BEGIN
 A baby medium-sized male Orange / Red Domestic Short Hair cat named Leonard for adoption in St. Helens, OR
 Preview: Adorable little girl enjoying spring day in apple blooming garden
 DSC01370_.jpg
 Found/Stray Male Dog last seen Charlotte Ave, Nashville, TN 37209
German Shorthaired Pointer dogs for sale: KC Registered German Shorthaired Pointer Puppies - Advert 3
END
**Activity:** Could you write out all of the entries precisely as they stand?

**Written solution:**
 A baby medium-sized male Orange / Red Domestic Short Hair cat named Leonard for adoption in St. Helens, OR
 Preview: Adorable little girl enjoying spring day in apple blooming garden
 DSC01370_.jpg
 Found/Stray Male Dog last seen Charlotte Ave, Nashville, TN 37209
German Shorthaired Pointer dogs for sale: KC Registered German Shorthaired Pointer Puppies - Advert 3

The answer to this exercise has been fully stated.